Cette conception de la représentation politique diffère, bien sûr, passablement de la notion de représentation dans la démocratie libérale moderne. Mais, au demeurant, cela signifie qu'il y a bien un caractère représentatif dans le politique arendtien. Notons ici que les citoyens n'ont pas tous la même fonction politique chez elle car certains d'entre eux deviennent des délégués. Leurs responsabilités politiques sont donc supérieures à celles des « simples citoyens ».

Les expériences arendtiennes de vie politique partagent un point commun : le peuple est toujours convié à exercer le pouvoir politique. Elles ne partagent pas, en revanche, cet autre caractère du politique arendtien, le système des conseils. Nous avons vu en effet que ce système apparaît seulement à l'époque moderne. Arendt ne pense donc pas seulement le politique à partir des catégories grecques. Il ne suffit pas ainsi pour elle que les citoyens agissent de concert, il faut encore qu'ils essaient d'établir l'autorité politique suprême constituée des meilleurs citoyens. Tous les citoyens sont égaux chez H. Arendt ; mais les meilleurs d'entre eux sont appelés à fonder l'autorité suprême. Représentation et participation sont constitutives de la citoyenneté arendtienne.

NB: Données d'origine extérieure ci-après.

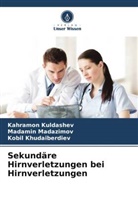 Khudaiberdi, Kobil Khudaiberdiev, Kahramon Kuldashev, Madamin Madazimov - Sekundäre Hirnverletzungen bei Hirnverletzungen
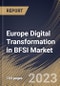Europe Digital Transformation in BFSI Market Size, Share & Industry Trends Analysis Report By End User, By Enterprise Size (Large Enterprises, and Small & Medium Enterprises), By Deployment Type, By Technology, By Country and Growth Forecast, 2023 - 2030 - Product Image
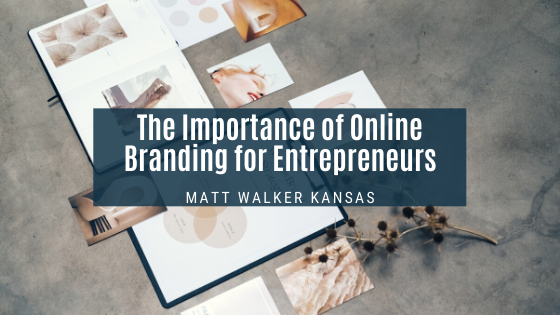 The Importance Of Online Branding For Entrepreneurs Matt Walker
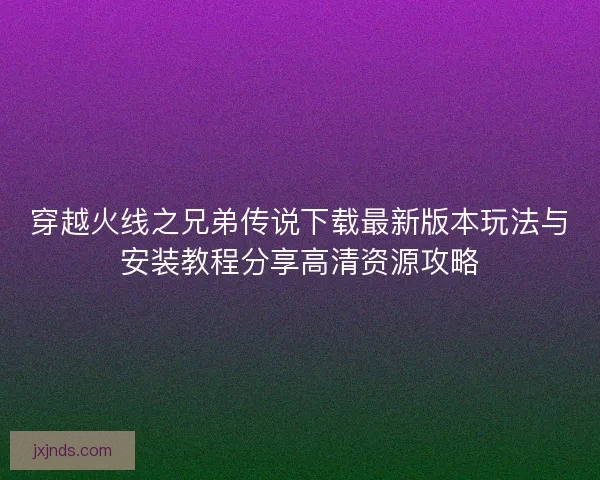 穿越火线之兄弟传说下载最新版本玩法与安装教程分享高清资源攻略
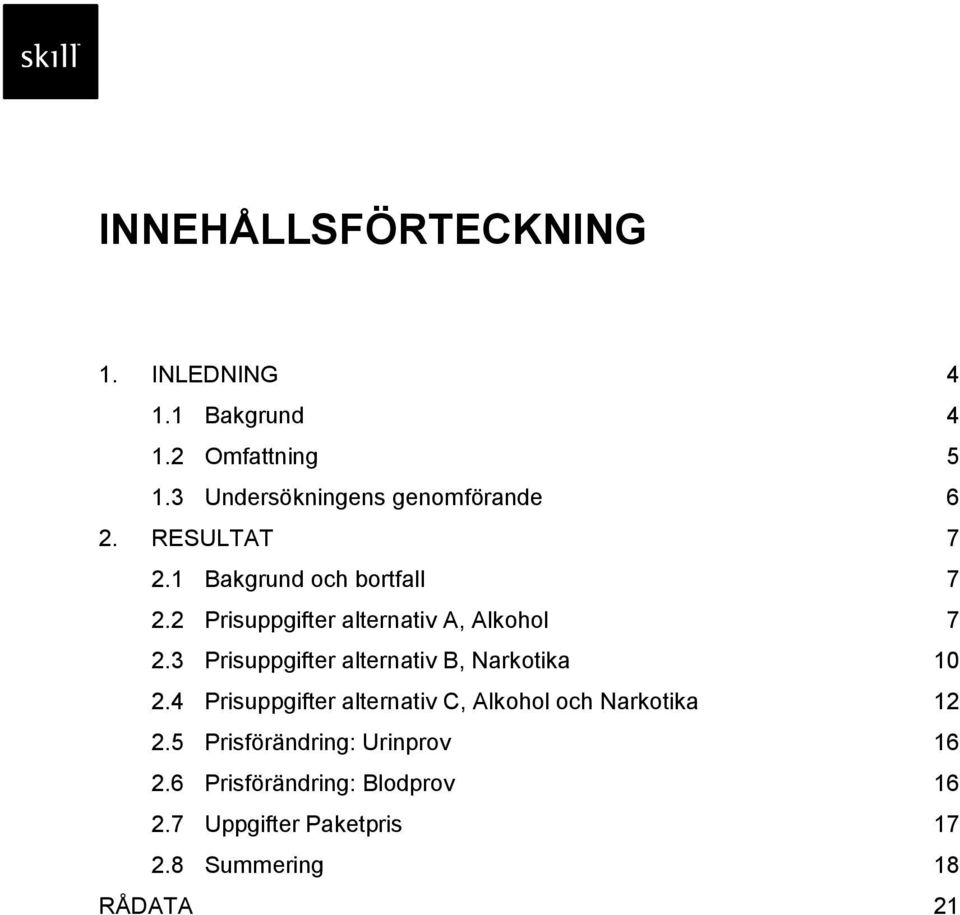 2 Prisuppgifter alternativ A, Alkohol 7 2.3 Prisuppgifter alternativ B, Narkotika 10 2.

Cependant, Hannah Arendt, scrutant sa société, ajoute, à propos de la représentation, que « c'est l'un des problèmes les plus critiques et difficultueux de la politique moderne depuis les révolutions. »47(*) Et il est vrai qu'aujourd'hui les sociétés modernes, clamant à tout prix la démocratie, n'arrivent pas toujours à faire participer le peuple. On assiste à des cas où soit la représentation est un substitut de l'action directe des citoyens et elle laisse place à un espace d'action et de parole qui n'est plus réservé qu'aux représentants du peuple. Dans ce cas la démocratie n'est qu'une oligarchie, dans la mesure où le bonheur et la liberté publique sont redevenus le privilège du petit nombre. Soit la représentation restreint l'initiative des représentants, en les dotant d'un mandat impératif strictement contrôlé par les mandants. Dans ce cas, ils sont privés de toute action et le gouvernement se réduit à n'être qu'une administration.

Par ailleurs, l'existence des partis politiques, formés en vue de faire élire un maximum de leurs membres au gouvernement, est inséparable du gouvernement représentatif. Certes, les partis divisent le corps électoral, affinent le rapport du représenté à la représentation et permettent un certain contrôle des citoyens sur le gouvernement. Leur objectif n'est cependant pas d'assurer une participation directe des citoyens aux affaires publiques, mais de faire parvenir leurs membres aux affaires avec le soutien des citoyens qui votent pour eux.

Le problème que pose la représentation est celui de savoir ce qui, politiquement, est à proprement parler représentable, c'est-à-dire délégable à un autre, de telle sorte que par lui, je sois présent tout en étant absent. Or, de plus en plus, est notre constat, le champ politique tend à se refermer de plus en plus sur lui même, le jeu politique étant de plus en plus une affaire de spécialistes. La distance se crée entre les représentants et les représentés. Ces derniers, toujours nombreux et novices, sont affaiblis par l'expertise et la sophistique que revêt la politique aujourd'hui. D'où, Arendt trouve nécessaire d'étudier les concepts tels que vérité, mensonge et opinion dans le contexte un contexte politique où l'incompréhension de l'une de ses notions peut occasionner un désintéressement du citoyen à la chose politique, et par là, perdre sa vraie responsabilité et son identité.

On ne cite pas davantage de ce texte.